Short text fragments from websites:
________________________
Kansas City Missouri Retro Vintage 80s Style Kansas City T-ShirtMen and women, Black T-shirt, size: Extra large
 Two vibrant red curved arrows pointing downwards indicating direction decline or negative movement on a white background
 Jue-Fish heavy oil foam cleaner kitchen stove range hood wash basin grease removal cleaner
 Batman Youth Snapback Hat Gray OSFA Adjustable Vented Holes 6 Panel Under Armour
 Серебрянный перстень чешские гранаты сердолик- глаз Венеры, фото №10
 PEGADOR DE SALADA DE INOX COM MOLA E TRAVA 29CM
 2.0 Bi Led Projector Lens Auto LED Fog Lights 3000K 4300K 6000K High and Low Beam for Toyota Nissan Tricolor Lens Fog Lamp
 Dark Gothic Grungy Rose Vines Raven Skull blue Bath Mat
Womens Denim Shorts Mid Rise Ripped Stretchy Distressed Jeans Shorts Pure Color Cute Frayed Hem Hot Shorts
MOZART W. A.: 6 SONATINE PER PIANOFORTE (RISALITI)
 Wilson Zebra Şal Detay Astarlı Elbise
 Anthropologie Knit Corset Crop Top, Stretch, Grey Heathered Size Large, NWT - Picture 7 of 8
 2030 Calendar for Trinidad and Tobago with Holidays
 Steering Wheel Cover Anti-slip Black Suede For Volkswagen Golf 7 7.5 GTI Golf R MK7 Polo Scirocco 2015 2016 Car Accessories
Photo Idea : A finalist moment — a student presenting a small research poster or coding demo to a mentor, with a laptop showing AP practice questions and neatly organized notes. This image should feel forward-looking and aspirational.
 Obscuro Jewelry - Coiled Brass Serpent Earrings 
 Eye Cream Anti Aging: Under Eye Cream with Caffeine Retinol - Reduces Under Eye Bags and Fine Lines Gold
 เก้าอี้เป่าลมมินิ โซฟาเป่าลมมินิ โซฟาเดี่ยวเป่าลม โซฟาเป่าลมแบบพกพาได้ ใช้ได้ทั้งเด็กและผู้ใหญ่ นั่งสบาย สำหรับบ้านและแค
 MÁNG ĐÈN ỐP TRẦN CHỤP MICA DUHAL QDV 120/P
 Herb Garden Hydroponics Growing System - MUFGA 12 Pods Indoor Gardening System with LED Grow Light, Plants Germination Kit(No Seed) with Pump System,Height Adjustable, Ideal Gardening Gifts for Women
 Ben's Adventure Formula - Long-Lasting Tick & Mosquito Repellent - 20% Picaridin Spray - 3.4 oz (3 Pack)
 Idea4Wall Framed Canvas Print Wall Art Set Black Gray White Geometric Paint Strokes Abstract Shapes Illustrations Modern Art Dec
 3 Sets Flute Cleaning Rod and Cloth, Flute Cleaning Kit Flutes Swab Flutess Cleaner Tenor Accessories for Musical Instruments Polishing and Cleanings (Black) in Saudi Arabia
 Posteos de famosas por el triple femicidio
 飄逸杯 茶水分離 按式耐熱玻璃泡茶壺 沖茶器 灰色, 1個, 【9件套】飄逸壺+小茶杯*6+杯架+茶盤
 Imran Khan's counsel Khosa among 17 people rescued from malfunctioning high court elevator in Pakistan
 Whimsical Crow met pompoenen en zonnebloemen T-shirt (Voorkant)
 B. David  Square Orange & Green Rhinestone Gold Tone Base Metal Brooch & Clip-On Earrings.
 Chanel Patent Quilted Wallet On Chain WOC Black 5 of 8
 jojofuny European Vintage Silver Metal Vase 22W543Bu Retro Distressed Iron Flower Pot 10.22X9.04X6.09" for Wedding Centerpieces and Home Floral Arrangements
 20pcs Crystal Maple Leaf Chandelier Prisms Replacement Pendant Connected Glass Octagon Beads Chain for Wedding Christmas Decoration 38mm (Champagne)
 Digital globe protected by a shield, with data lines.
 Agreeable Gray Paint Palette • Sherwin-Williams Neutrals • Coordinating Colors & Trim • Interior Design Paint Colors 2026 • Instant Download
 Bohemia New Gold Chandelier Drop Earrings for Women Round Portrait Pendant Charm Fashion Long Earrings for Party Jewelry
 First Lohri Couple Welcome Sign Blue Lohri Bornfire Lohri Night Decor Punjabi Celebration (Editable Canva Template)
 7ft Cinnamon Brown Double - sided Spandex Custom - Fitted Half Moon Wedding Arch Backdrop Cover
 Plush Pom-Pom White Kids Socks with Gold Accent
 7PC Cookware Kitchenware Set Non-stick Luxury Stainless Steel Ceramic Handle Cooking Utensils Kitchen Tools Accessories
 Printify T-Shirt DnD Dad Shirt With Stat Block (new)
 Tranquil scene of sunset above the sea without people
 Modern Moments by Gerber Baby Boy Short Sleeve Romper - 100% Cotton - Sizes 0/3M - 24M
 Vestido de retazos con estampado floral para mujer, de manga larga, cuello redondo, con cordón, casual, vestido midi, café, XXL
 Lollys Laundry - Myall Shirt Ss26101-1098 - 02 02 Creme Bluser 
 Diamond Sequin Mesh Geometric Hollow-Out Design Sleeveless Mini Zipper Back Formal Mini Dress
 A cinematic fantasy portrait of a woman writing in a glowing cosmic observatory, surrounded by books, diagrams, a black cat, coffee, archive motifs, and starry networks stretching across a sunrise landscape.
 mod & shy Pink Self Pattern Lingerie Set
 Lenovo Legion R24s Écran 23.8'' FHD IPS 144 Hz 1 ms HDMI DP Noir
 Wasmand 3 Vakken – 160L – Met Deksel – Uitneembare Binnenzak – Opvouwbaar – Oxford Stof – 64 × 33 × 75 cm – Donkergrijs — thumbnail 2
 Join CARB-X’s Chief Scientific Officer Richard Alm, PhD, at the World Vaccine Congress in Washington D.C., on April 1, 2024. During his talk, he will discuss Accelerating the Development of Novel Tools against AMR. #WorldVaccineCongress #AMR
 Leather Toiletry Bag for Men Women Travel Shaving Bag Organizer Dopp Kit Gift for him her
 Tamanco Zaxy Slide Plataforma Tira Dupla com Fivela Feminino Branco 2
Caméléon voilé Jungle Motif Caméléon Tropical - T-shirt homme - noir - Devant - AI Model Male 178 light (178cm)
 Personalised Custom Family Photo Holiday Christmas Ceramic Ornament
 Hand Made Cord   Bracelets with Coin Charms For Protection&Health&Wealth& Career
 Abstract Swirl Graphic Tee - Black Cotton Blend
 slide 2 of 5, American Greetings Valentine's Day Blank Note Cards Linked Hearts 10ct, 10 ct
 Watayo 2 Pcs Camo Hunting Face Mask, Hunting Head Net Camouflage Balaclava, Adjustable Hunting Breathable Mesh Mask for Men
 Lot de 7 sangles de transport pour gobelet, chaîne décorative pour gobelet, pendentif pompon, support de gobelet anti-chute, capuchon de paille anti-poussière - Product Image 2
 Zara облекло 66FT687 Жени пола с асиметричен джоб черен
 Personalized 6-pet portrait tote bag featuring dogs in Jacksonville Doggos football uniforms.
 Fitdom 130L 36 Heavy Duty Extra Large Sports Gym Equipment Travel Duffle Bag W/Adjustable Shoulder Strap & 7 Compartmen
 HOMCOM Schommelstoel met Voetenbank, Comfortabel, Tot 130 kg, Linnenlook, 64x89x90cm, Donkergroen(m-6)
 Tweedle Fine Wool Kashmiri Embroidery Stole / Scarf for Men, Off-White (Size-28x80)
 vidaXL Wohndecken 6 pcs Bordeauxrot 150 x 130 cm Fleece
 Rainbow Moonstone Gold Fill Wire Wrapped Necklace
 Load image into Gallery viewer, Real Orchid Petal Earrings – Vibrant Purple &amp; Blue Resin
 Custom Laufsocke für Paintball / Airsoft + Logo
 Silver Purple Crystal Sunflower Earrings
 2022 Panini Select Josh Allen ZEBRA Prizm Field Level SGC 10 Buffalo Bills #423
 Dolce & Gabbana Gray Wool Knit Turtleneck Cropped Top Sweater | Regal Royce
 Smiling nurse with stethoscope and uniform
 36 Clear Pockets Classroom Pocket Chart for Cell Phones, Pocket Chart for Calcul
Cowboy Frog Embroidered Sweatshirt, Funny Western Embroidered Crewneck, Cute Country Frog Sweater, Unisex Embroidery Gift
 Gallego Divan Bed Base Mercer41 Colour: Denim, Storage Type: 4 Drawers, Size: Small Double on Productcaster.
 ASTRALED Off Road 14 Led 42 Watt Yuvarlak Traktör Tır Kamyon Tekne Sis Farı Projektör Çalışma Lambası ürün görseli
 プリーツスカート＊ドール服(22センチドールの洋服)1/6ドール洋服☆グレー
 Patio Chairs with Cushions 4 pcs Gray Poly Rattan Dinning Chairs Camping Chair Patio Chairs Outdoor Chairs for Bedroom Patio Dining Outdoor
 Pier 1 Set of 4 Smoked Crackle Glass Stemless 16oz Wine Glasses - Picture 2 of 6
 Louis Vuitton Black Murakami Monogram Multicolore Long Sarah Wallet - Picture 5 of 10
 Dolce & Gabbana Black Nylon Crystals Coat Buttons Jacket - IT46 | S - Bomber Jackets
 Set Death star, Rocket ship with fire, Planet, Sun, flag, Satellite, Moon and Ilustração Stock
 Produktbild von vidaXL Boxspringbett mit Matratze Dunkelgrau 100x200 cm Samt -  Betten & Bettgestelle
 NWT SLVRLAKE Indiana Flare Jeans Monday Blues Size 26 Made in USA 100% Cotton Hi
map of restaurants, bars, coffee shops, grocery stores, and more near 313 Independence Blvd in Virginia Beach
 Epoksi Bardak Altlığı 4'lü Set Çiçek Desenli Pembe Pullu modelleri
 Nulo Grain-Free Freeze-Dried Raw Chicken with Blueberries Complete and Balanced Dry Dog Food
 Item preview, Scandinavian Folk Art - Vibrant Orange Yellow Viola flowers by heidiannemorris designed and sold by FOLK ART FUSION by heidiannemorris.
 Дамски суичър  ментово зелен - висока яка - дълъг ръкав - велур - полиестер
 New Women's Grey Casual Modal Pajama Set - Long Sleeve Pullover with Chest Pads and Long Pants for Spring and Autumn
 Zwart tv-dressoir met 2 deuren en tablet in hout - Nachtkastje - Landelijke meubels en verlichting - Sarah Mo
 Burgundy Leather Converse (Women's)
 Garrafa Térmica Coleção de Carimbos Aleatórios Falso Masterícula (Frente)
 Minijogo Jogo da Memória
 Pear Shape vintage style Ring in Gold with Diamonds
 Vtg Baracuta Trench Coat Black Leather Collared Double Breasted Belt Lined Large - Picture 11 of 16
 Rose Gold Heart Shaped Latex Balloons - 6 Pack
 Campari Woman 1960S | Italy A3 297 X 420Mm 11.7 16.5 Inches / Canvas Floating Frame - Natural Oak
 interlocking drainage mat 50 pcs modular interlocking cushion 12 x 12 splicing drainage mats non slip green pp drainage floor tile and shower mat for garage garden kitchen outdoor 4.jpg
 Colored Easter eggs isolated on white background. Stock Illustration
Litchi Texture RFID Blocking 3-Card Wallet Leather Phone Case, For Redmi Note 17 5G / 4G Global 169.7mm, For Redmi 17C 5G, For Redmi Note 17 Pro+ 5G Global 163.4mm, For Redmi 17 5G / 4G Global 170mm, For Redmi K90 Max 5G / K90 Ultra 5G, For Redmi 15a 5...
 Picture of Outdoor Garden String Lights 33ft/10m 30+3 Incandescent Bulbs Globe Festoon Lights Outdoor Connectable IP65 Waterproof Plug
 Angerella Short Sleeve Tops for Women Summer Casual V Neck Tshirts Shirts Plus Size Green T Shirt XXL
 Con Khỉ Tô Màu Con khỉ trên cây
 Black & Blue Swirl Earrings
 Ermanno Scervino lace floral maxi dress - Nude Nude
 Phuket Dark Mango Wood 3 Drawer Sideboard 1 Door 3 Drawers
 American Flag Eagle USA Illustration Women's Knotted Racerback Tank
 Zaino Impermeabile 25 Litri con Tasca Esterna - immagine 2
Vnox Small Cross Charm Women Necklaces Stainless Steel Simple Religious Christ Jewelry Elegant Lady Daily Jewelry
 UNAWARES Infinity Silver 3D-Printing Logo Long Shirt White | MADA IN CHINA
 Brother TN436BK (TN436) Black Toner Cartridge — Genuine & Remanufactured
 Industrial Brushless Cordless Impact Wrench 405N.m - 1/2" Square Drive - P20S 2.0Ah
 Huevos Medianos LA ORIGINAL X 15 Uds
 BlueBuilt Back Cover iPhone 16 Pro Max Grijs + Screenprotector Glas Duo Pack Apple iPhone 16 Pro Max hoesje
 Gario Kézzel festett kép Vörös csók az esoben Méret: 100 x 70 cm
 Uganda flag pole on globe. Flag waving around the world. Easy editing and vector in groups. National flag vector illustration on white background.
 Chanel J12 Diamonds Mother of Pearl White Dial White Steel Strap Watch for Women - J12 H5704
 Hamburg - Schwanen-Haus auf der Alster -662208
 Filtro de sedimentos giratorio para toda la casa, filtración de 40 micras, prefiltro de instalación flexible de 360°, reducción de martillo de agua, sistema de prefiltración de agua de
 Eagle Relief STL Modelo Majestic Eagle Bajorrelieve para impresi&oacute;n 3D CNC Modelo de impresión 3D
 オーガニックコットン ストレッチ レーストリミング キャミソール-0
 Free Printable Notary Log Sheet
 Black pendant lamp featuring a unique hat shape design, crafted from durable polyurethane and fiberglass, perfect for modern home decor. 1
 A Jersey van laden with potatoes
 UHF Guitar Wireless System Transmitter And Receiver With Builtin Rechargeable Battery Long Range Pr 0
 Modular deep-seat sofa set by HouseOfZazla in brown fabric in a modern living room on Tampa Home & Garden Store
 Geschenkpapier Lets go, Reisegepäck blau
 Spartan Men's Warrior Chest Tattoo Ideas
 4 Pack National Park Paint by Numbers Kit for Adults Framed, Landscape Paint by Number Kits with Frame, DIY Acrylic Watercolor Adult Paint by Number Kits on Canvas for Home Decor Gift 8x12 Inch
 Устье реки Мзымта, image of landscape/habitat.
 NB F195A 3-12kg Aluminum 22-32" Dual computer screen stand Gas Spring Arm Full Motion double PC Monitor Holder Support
________________________
◆ **Description of the task**:
From the records above, retype only the lines starting at the line that contains "Whimsical Crow met" and ending at the line that contains "Chanel Patent Quilted", both included.

◆ **Output of the task**:
 Whimsical Crow met pompoenen en zonnebloemen T-shirt (Voorkant)
 B. David  Square Orange & Green Rhinestone Gold Tone Base Metal Brooch & Clip-On Earrings.
 Chanel Patent Quilted Wallet On Chain WOC Black 5 of 8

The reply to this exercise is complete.